In this paper, we successfully applied the proposed NGWO technique to solve the ELD problem by considering the ramp rate limits, POZ constraints, and nonsmooth cost functions. The NGWO algorithm was validated to improve both the global exploration capability and the convergence rates and it had the best robustness when compared to the other three versions of the GWO algorithms. Furthermore, the results, when compared to all the other compared algorithms in five cases, demonstrated the outstanding superiority of the NGWO method in solving the ELD problem.

The superiority of the NGWO algorithm in solving ELD problems was proven. Although our research has not been yet applied to any utility companies or energy providers, we believe that the application of this algorithm in the future will surely improve the operational level of these companies.
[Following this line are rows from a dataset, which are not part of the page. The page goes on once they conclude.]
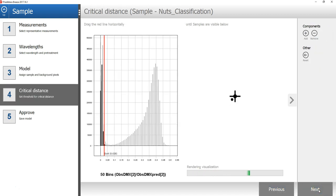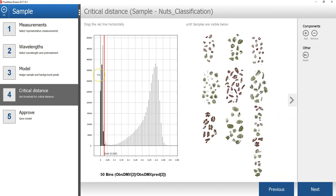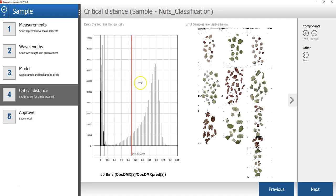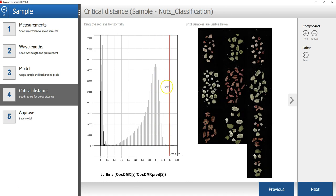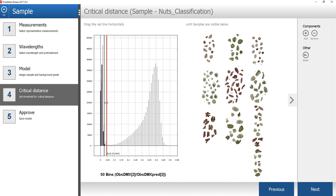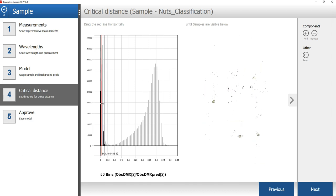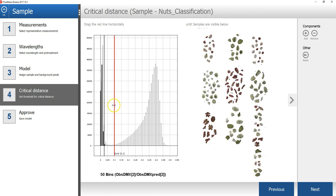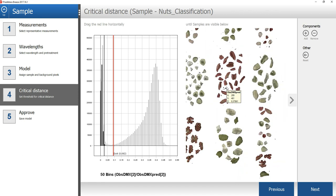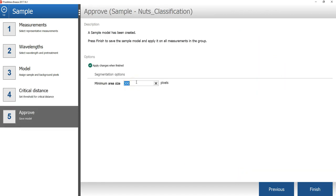In the next step of the wizard, you will select the critical distance threshold. This is the distance to the sample model and will be used to determine if a pixel is a sample or not. Drag the red line in the histogram to the right to move the threshold. The aim is to find a level where all the sample pixels are included but not pixels belonging to the background. In the last step of the sample model wizard, you can set a minimum area size. This is used to automatically exclude smaller objects that are unwanted, like dust or dirt. In this example, any objects under 300 pixels will be excluded from the image.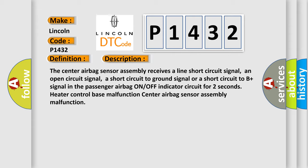O-N-O-F-F indicator circuit for two seconds, heater control base malfunction, center airbag sensor assembly malfunction. This diagnostic error occurs most often in these cases.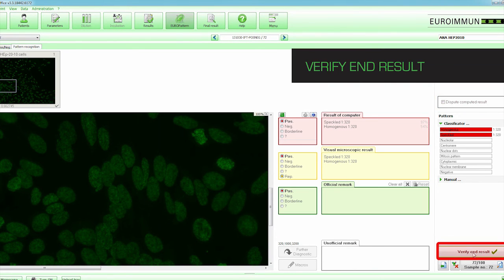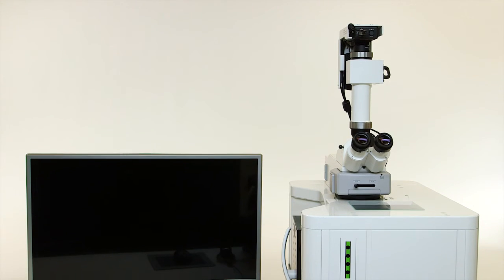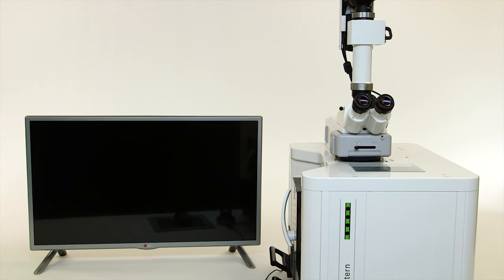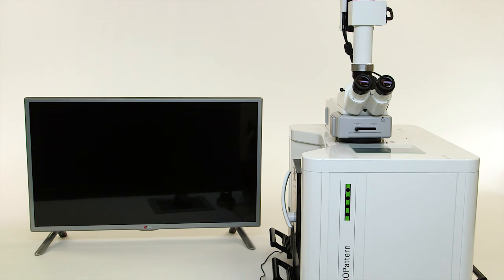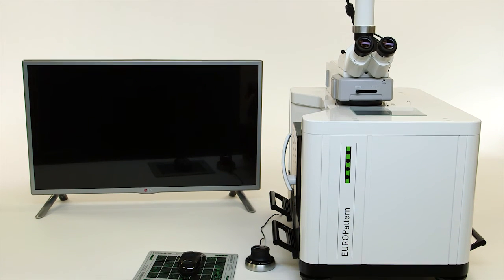By clicking on the Verify End Result button, the result is transferred to the final report. This concludes the Europattern demonstration video. Let's recap the features and benefits of Europattern.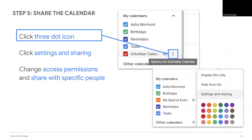Once you've completed the calendar details, share it with your group or team. Select the Options button on your group calendar, which appear as the three dots. Select Settings and Share on the menu.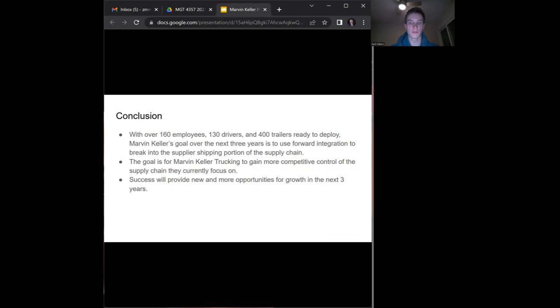With the constant changes possible in the trucking industry, it's important for companies like Marvin Keller to improve and capitalize on their business potential. Using this forward integration method of gaining shipping contracts to suppliers, Marvin Keller will have new and more opportunities for growth in the next three years.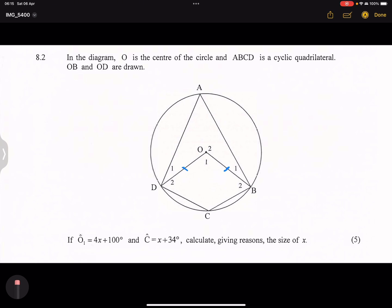They say to us we've got OB and OD that are drawn. Now they say to us O1 is 4X plus 100. In this case, this angle is 4X plus 100. And they give us the value of C — that is X plus 34. So that's our angle C. Now they say to us, we need to calculate X.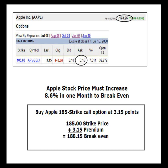This option premium would consist of all time value and no intrinsic value. The break-even price for this call option purchase would be a stock price of 188.15 at option expiration in about one month. Apple stock price would have to increase 14.9 points or 8.6% in order to break even on this trade.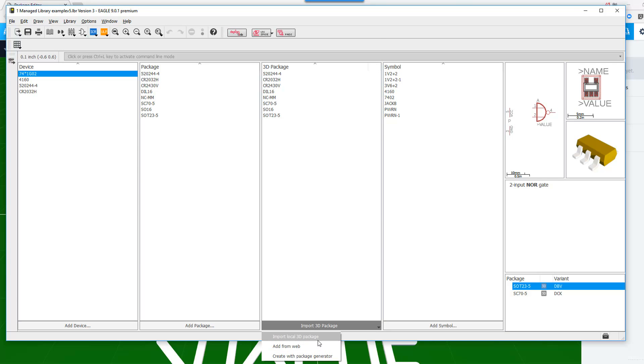Or you could actually use packages that exist in other libraries and transfer them and import them into the library that you're currently working on.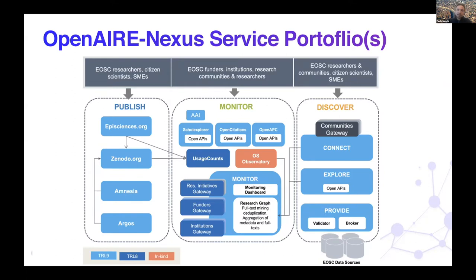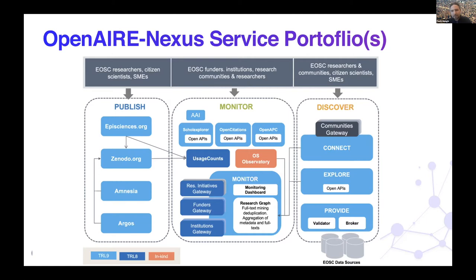Discover exploits the graph to offer discipline-specific or region-specific discovery functionalities — we can drill down to country or continent scope. We offer these also through open APIs. We also offer Provide, which allows us to validate the content we collect from scholarly communication data sources against community-defined guidelines, aligning on common standards — an approach we'd like to extend further.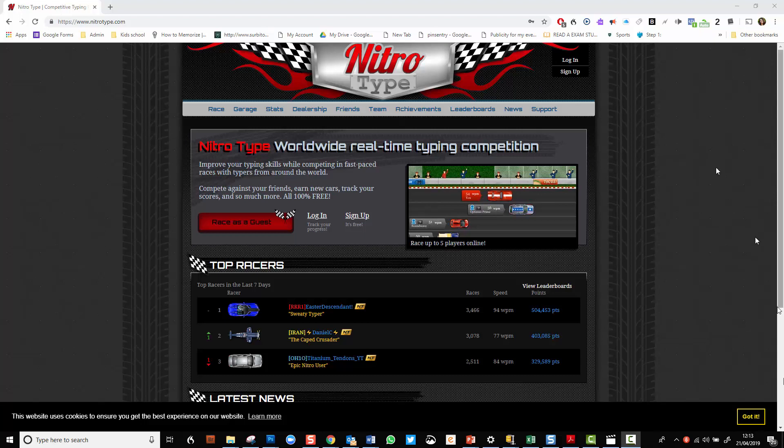I think this is a great way of getting children to, well, anyone to increase their speed and accuracy while typing.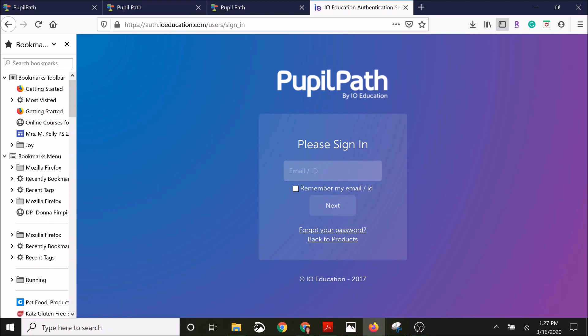Now here's where you're going to use the email or user ID that you signed up with. Then you'll click next, and then you will enter the password that you set. And that's it.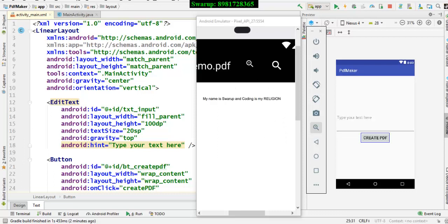So, this particular program talks about how you can take input from the user and then you can create a PDF file. If someone is really in need of this program, please write down in the comment section. Surely, I will forward the code to the person.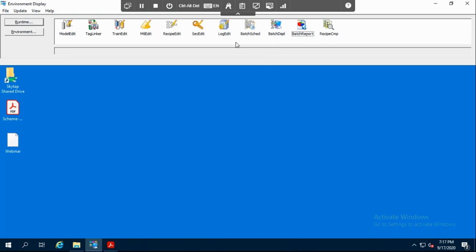Before finishing the demo, I just want to mention that in order to integrate Aviva Batch Management with InTouch standalone, you use the tag linker. And in order to configure the security, you use the security edit. The demo is now done. Thank you, everyone.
Next, an interesting application would be to apply the algorithm to training neural networks, optimizing restrictive engineering structures, and solving multiobjective optimization problems. However, for the large-scale power systems of Cases II, III, and V, the robustness of the NGWO algorithm in solving these problems is not as perfect as in solving Cases I and IV, so the optimization performance of the NGWO algorithm can still be improved.